Ich überschritt mal wieder die zugelassene Geschwindigkeit und sauste durch die Straßen, ohne wirklich Rücksicht auf die Verkehrsregeln zu nehmen. Das würde mir bestimmt irgendwann nochmal zum Verhängnis werden, aber ich war spät dran! Quietschend kam ich vor Rubys Haus zum Stehen. Sie wohnte noch bei ihren Eltern, verständlich.
Nachdenklich sah ich auf das Grundstück. Das rötliche Haus schien recht friedlich, aber dennoch hatte ich meine Vorurteile gegen Rubys Eltern. Immerhin hatten sie ihren eigenen Sohn hinausgeworfen. Klar, er war schon lange volljährig und hatte die Schule einfach geschmissen, zudem waren Drogen keine kleine Sache, aber es machte sie in meinen Augen nicht grad symphytisch. Da würden sie sich über mich als Freund ihrer Tochter ja bestimmt freuen, dachte ich mir nur.
Laut Ruby war Ryan selber schuld an dem Ganzen. Er hatte sich bewusst entschieden, sowie ich. Niemand hatte ihn gezwungen.
Dann öffnete sich die Haustür und eine strahlende Ruby kam heraus. In ihrer rechten Hand hielt sie einen pinken, schwarzen Helm und sie sah einfach perfekt aus. Ihre roten Haare lagen leicht auf ihrer Schulter und ihr Lächeln raubte mir fast den Atem. „Hey!", begrüßte sie mich, dann setzte sie sich ihren Helm auf.
„Hi, na bereit?", fragte ich und beugte mich mit meinem Oberkörper leicht nach vorne, damit sie aufsteigen konnte.
Mit Leichtigkeit stieg sie auf die verkleidete Maschine und hielt sich auch sofort an mir fest. „Klar!"
„Na dann." Ich klappte mein Visier runter und startete den Motor. Als ich langsam anfuhr und meine Füße wieder auf die Fußrasten stellte, hielt sie sich noch mehr an mir fest, was mich zum Lächeln brachte. Es war ein schönes Gefühl, ihr so nah zu sein, aber es war auch das erste Mal, dass ich jemanden mitnahm, der nicht gerade kurz vor der Bewusstlosigkeit war, sowie Jackson. Mit ihr war es so viel leichter. Sie war nicht so schwer und hielt sich gut fest. Man merkte, dass sie oft bei jemanden mitfuhr. Durch den kalten Fahrtwind steckte sie ihre Hände in meine Jackentaschen und mir wurde warm ums Herz. Zum Glück hatte ich den Hydra Aufkleber noch nicht. Das würde nur unangenehme Fragen geben.
Meine R6 parkte ich etwas entfernt vom Club. Zum einem wegen der Parkplätze und zum anderen, wusste man ja nie, wer sich hier so rumtrieb.
Den Rest liefen wir einfach entspannt, dabei erzählte mir Ruby von ihrem Schultag und regte sich darüber auf, dass ihre Freundin sie beim Schoppen einfach stehengelassen hatte. Ich konnte nur schmunzeln, shoppen war einfach der Horror. Da konnte ich Ruby in keiner Weise verstehen.
Wir mussten nicht mal so lange anstehen. Und zu unserem Glück war Eka auch da. Er hatte mich schon von weitem gesehen und mit seinem Blick gab er mir zu verstehen, dass es heute wohl keine Probleme geben würde. Als wir an der Reihe waren, kontrollierte er unsere Ausweise und ließ uns, trotz unseres mangelnden Alters, rein.
„War das dein Bekannter?" fragte Ruby mit lauter Stimme neben mir, da die Musik unglaublich laut war.
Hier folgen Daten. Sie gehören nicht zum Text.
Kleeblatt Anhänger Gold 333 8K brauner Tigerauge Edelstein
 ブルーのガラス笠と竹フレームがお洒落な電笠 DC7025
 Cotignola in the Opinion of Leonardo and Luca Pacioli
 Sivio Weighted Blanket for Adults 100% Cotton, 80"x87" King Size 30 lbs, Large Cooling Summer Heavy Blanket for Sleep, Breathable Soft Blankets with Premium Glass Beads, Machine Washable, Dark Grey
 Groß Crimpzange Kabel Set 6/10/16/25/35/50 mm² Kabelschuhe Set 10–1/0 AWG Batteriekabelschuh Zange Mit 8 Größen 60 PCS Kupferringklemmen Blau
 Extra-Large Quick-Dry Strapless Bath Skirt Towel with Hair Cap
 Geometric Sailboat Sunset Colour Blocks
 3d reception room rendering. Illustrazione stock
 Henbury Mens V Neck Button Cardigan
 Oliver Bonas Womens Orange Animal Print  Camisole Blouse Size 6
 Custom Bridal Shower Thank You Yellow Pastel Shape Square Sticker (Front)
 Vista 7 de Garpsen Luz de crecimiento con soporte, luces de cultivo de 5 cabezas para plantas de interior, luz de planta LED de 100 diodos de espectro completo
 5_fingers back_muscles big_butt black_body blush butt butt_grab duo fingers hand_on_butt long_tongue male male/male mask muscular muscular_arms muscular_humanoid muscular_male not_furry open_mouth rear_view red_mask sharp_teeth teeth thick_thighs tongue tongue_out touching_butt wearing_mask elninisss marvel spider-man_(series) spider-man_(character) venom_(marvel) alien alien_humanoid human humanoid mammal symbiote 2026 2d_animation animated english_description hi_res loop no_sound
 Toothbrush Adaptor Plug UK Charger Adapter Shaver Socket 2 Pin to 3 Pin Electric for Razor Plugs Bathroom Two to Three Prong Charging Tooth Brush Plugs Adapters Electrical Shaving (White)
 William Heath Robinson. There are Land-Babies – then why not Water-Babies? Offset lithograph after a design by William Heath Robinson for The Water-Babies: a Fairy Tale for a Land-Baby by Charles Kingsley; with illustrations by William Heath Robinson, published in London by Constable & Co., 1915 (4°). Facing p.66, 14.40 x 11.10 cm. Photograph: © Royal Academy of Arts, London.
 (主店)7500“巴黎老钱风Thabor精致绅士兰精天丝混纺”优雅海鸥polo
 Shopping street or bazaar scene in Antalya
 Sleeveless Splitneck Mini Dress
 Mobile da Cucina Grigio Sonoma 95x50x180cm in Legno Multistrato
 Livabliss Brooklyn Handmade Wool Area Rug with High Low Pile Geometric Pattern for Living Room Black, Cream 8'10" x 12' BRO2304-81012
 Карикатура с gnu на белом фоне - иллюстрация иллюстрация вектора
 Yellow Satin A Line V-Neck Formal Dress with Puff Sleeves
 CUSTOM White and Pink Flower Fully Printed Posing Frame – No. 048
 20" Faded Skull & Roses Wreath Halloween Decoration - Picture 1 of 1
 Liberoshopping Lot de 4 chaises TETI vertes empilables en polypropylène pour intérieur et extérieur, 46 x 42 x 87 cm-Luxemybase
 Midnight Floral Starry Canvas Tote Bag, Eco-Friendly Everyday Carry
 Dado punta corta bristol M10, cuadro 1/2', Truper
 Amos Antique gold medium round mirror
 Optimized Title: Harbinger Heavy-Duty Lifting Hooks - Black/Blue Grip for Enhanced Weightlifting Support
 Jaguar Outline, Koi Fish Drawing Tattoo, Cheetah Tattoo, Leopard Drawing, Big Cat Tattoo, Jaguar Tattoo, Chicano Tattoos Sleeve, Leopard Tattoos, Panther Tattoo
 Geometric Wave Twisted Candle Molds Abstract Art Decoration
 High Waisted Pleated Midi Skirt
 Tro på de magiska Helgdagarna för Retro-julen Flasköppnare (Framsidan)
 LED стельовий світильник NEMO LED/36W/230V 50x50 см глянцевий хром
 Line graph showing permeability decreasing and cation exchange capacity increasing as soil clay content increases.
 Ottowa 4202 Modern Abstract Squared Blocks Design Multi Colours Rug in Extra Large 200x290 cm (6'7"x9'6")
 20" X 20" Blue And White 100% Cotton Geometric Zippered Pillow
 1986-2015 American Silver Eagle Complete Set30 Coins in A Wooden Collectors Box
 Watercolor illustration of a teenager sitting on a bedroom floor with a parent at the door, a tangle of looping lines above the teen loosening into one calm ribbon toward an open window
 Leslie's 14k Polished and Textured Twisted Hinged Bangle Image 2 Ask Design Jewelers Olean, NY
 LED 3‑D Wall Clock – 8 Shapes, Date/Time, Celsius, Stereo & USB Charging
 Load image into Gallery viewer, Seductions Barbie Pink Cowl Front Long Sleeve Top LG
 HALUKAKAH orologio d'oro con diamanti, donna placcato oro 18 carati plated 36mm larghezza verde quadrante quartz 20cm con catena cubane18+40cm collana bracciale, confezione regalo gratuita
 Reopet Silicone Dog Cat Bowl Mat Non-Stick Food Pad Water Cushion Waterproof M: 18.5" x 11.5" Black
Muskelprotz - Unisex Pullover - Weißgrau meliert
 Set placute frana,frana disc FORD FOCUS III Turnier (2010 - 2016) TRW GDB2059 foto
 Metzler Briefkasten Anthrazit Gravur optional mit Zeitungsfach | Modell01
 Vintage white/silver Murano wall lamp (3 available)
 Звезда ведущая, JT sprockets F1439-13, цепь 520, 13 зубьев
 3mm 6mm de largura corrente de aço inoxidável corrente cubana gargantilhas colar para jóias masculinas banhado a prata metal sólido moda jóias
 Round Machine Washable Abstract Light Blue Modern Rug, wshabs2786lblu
Ich nickte nur und zog sie schnell weiter, ehe sie weiter nachfragen konnte. Schließlich wollte ich den Abend genießen, ehe ich zu meinem Auftrag musste. Dann würde die Hydra eh wieder präsent sein. So drängelten wir uns an die Bar und holten unsere Getränke. Ich verzichtete trotzdem auf den Alkohol. Immerhin musste ich noch Heim fahren und wollte Ruby nicht in Gefahr bringen. Zudem war die Vorstellung, betrunken vor Conner zu sitzen, nicht besonders angenehm.
Es war relativ warm und überfüllt. Körper rieben sich aneinander und viele tanzten zur lauten Bass Musik, die in meinen Ohren dröhnte. Ich hatte einen der Plätz am Rande im Visier und spürte plötzlich Rubys Hand an meiner. Meine Mundwinkel zuckten nach oben und ich drückte ihre Hand leicht, während wir uns weiter zu dem Platz kämpften.
Bunte Lichter erhellten den Raum und es herrschte eine lockere und angenehme Stimmung. Mir stieg bereits der starke Geruch von Alkohol in die Nase und erleichtert setzte ich mich gegenüber von Ruby hin.
„Wie bist du eigentlich auf die Idee gekommen, hierherzukommen?", wollte Ruby mit einem schelmischen Grinsen wissen, während sie mit dem Strohhalm aus ihrem roten Cocktail trank.
Ich grinste leicht. „Wollt schon immer mal hier rein und da musste ich sofort an dich denken."
„Cool, war ne gute Idee. Aber sag mal...", zögerte sie und ich zog in unguter Erwartung die Augenbrauen zusammen. „Wo warst du eigentlich gestern?"
„Wieso fragst du?"
Sie zuckte mit den Schultern. „Naja, Alec war auch nicht da."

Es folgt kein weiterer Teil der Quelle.